* [Work to complete]: No line before the one holding "Load image into" is wanted; restate word for word that line and all lines after it to the end of the entries, excluding pictures.

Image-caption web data
'''

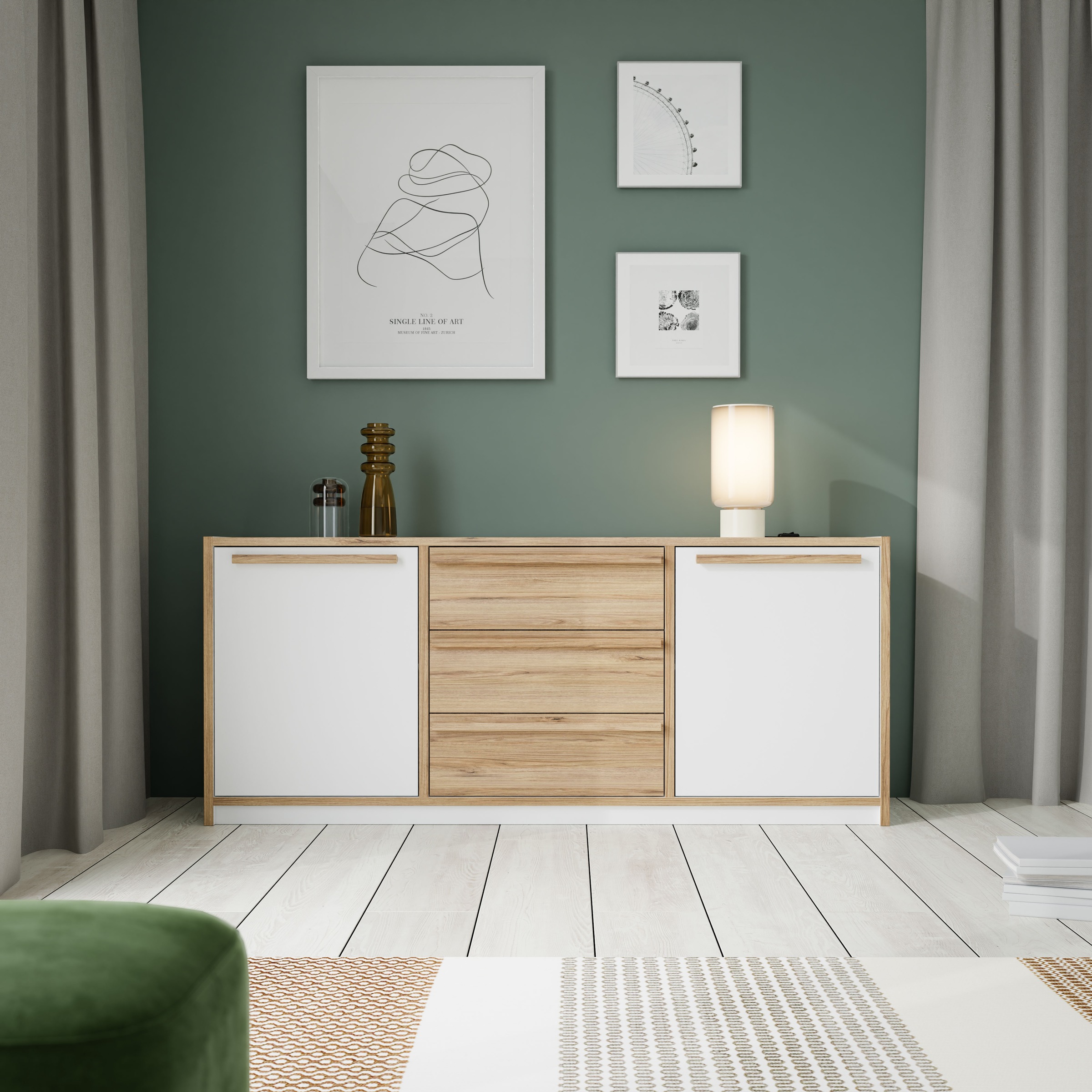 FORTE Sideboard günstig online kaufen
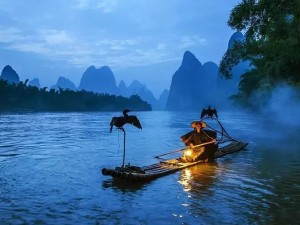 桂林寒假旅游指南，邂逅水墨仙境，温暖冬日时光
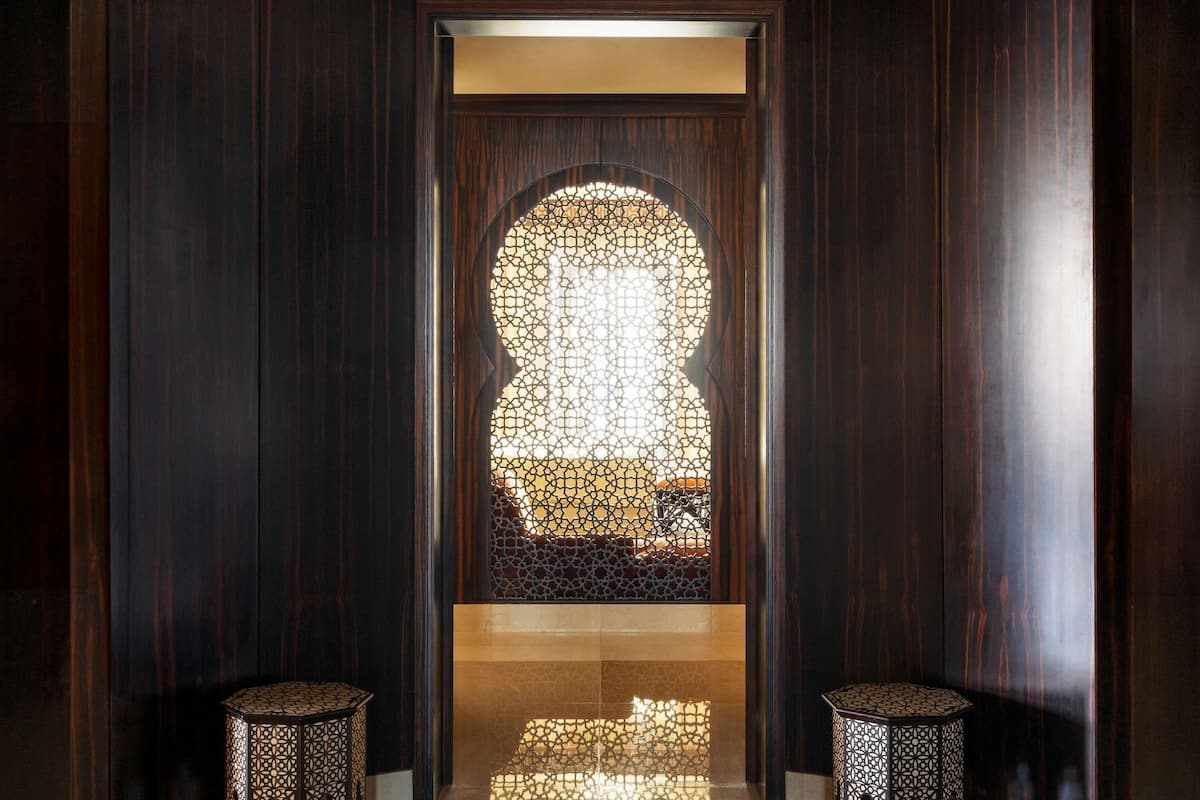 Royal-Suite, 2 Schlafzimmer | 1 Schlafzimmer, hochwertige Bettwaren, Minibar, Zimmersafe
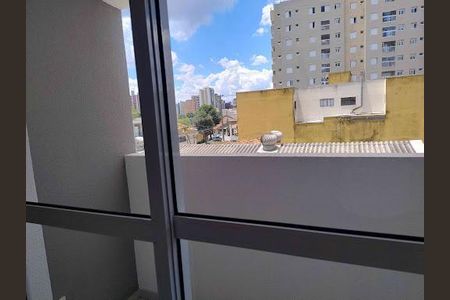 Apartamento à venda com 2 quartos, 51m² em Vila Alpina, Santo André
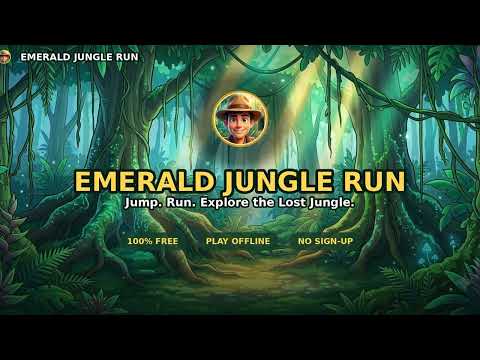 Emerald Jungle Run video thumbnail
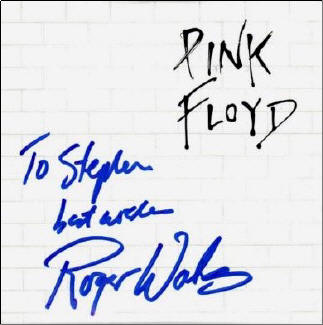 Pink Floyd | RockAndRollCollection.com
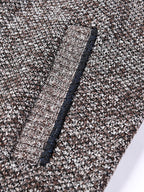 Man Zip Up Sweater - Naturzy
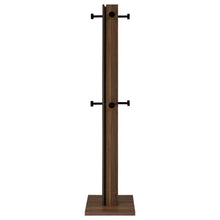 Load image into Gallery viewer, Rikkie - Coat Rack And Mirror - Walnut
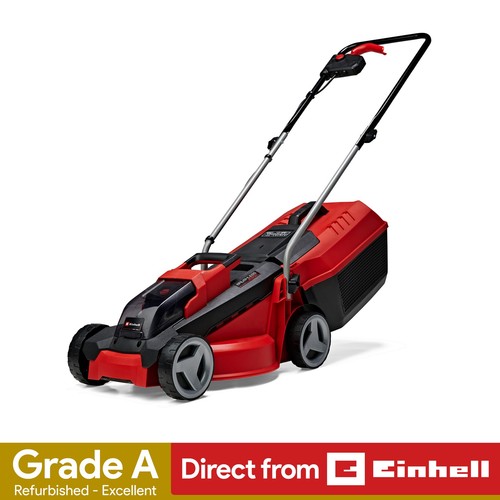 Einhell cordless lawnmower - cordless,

'''

* [Output of the task]:
 Load image into Gallery viewer, Rikkie - Coat Rack And Mirror - Walnut
 Einhell cordless lawnmower - cordless,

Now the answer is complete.